Where Do Spare Ribs Come From?

Spare ribs are cut from the lower rib cage of the pig, near the sternum of the pig.

This is close to the region of the belly where bacon is traditionally cut from.

This results in a meatier rib cut and more flavorful meat that can absorb more flavor from the smoking process.

Spare ribs are characterized by a good layer of meat on top of the ribs as well as between the rib bones, resulting in a juicier finish when cooked.

Spare ribs are a relatively large cut, usually with between 11 and 13 large rib bones included in the full cut.

Where Do St. Louis Ribs Come From?

spare ribs cut

St. Louis ribs do not come from special pigs raised in St. Louis, but they are derived directly from the spare rib cut!

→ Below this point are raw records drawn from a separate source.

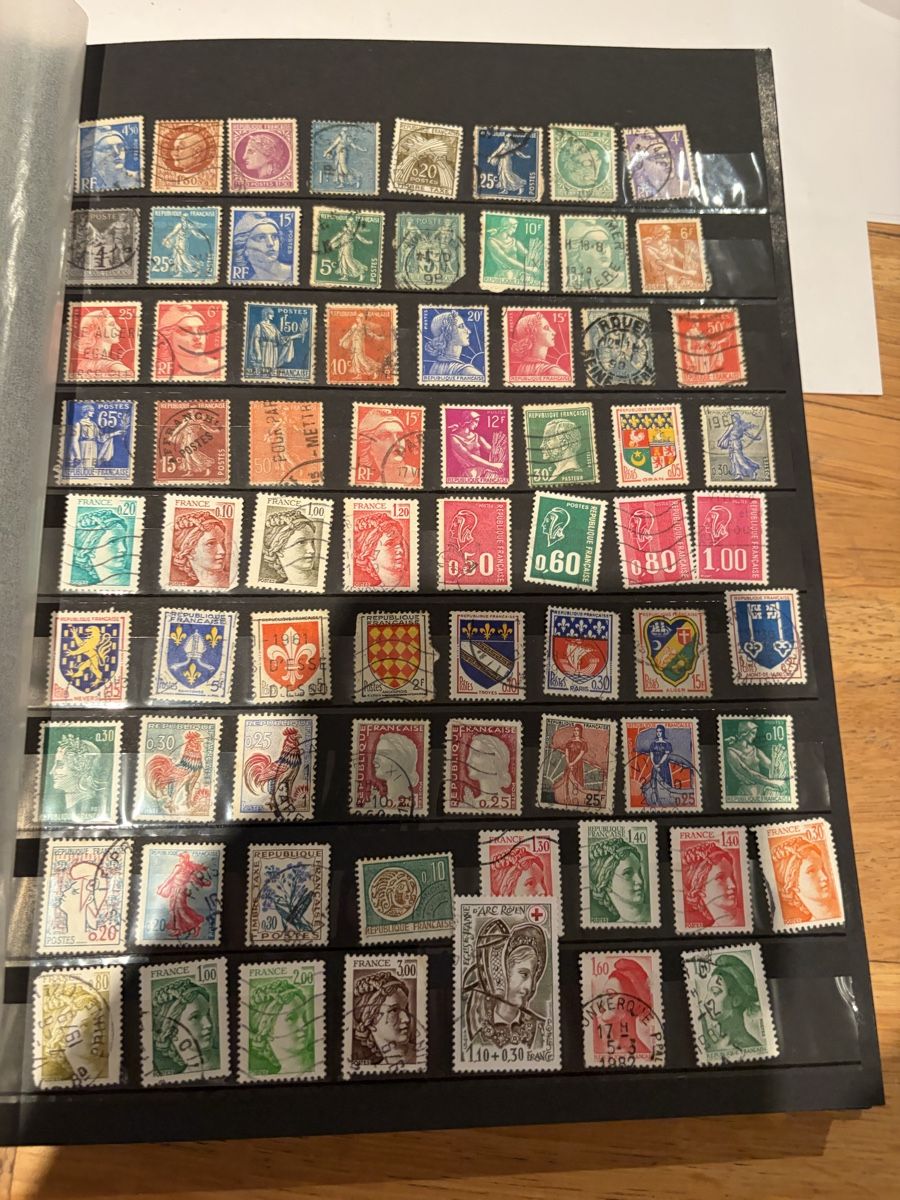 Tous les timbres: Timbres divers de divers pays  – D'occasion à Echallens par JAR69 1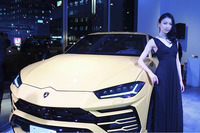 虎ノ門のTHE CORE KITCHEN／SPACEの外に「ウラカン ペルフォルマンテ スパイダー」を、会場内に「ウルス」を展示。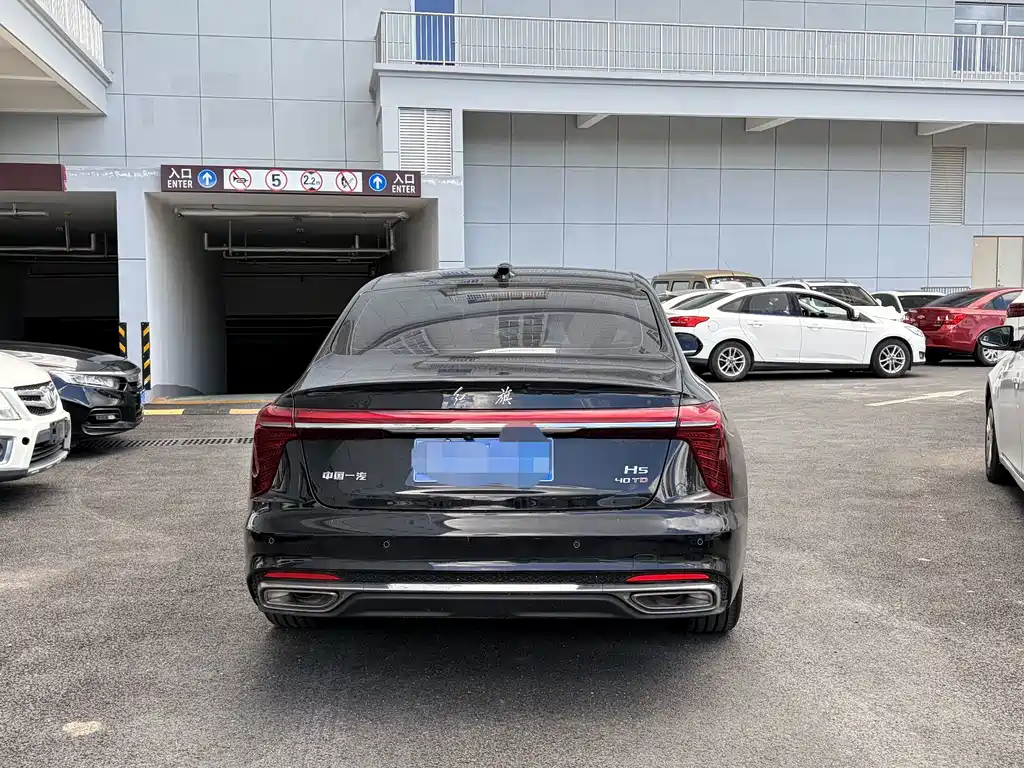 Hongqi Hongqi H5 — миниатюра 8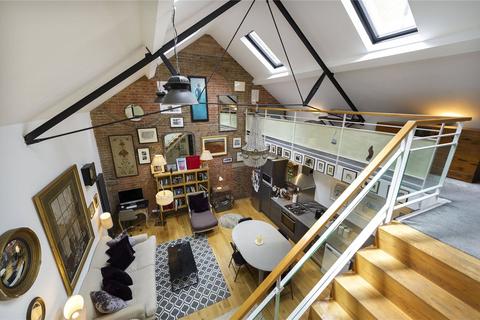 84a Chenies Mews, London, WC1E 6HU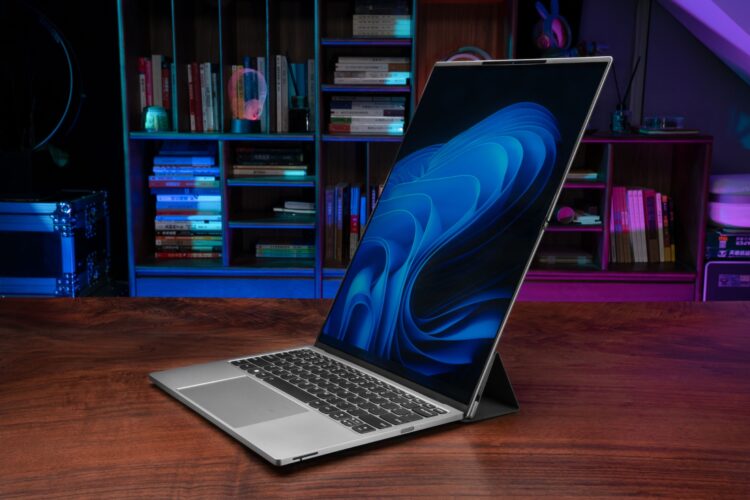 Lenovo ThinkBook AI Flip 概念筆電展現 AI 驅動的混合辦公新紀元，為未來工作方式帶來更多靈活性與智慧化選項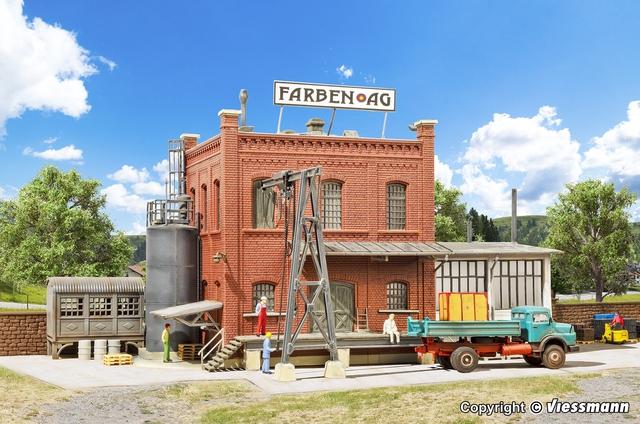 Immagine prodotto Kibri Fabrik mit Anbau Spur H0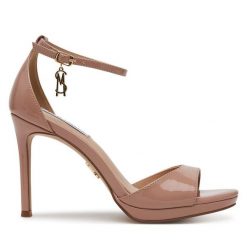 Sandały Steve Madden. Czerwone sandały Steve Madden, bez wzorów, bez obcasa, na szpilce, bez zapięcia. Za 429.99 zł.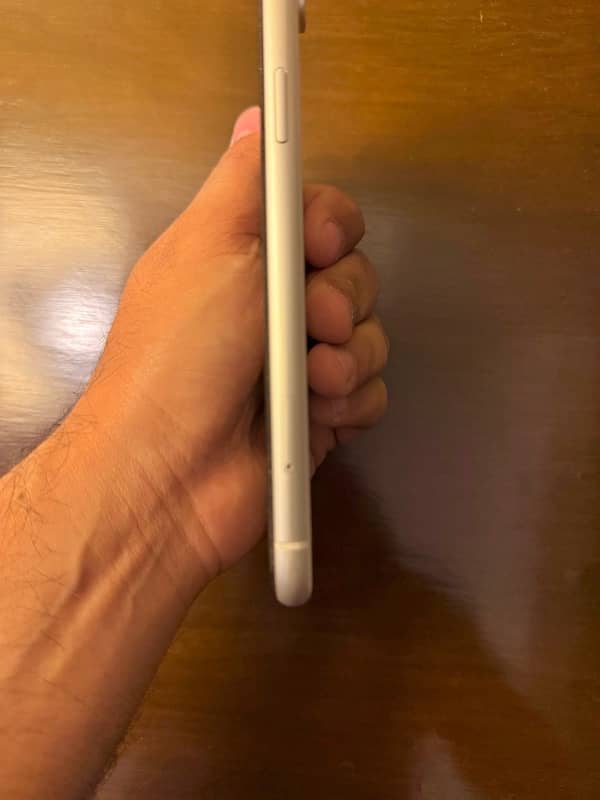 I Phone XR 128 GB 4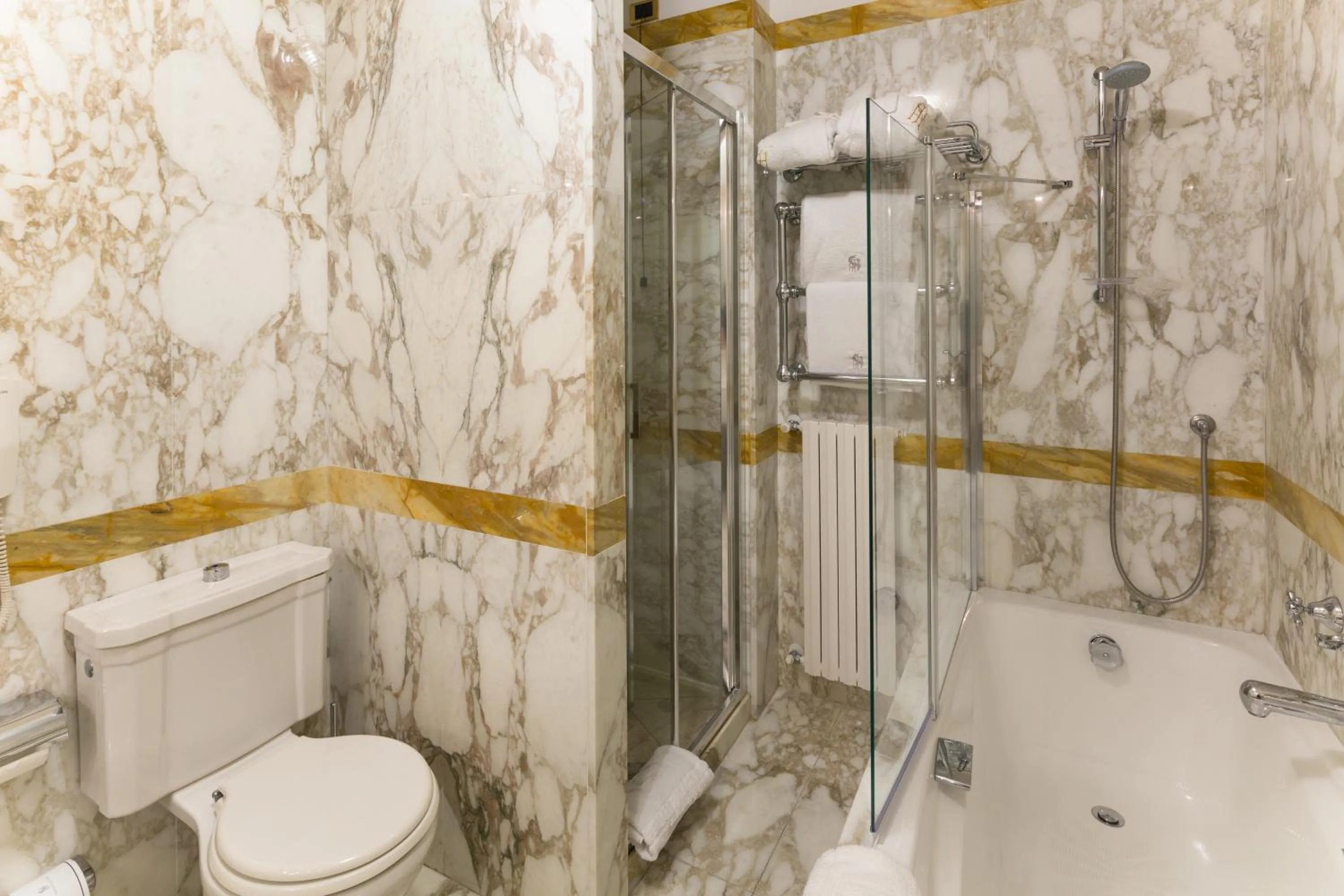 Bathroom in Imperiale Palace Hotel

The St. Louis ribs are spare ribs that have been neatly trimmed to produce a well-proportioned, rectangular rack of ribs that cooks evenly [1].

The St. Louis cut is made by trimming the ends, called rib tips, from the spare ribs.

The narrow, pointed end of the ribs are also cut off to produce a roughly rectangular shape.

From the underside of the spare ribs, the flap of meat called the rib skirt is also cut away.

The skirt has a lot of meat on it and can be kept to cook in a different dish.

Other odds and ends, including bits of fat and gristle, are trimmed away from the ribs to create a rack that is of an even thickness across its length.

How Did St. Louis Ribs Get Their Name?

The name of the St. Louis ribs comes from the location where this form of trimming ribs first became popular.

St. Louis, Missouri in the USA, is considered to be the BBQ capital of the country.

The popularity of grilling in this city led to the trimming of spare ribs, particularly for cooking on a charcoal grill.

The regular shape of the trimmed ribs promotes more even cooking of the ribs and allows for more space on the grill.

While the St. Louis ribs were originally trimmed to provide a better cooking experience on the grill, the same principles benefit this style when used in the smoker.

Do St. Louis & Spare Ribs Cook Differently?

meat grilling

The cooking process for the two types of ribs can be performed exactly the same, using the same rubs, sauces, and cooking times and temperatures, but the St. Louis ribs offer some benefits.

Spare ribs are uneven, with different thicknesses of meat and bone throughout the entire cut. This makes even cooking or smoking difficult.

The rib tips will cook significantly faster than the thicker parts of the ribs, as will the thinner pointed end of the cut.

These parts will dry out faster and become over-cooked raster than the rest of the ribs.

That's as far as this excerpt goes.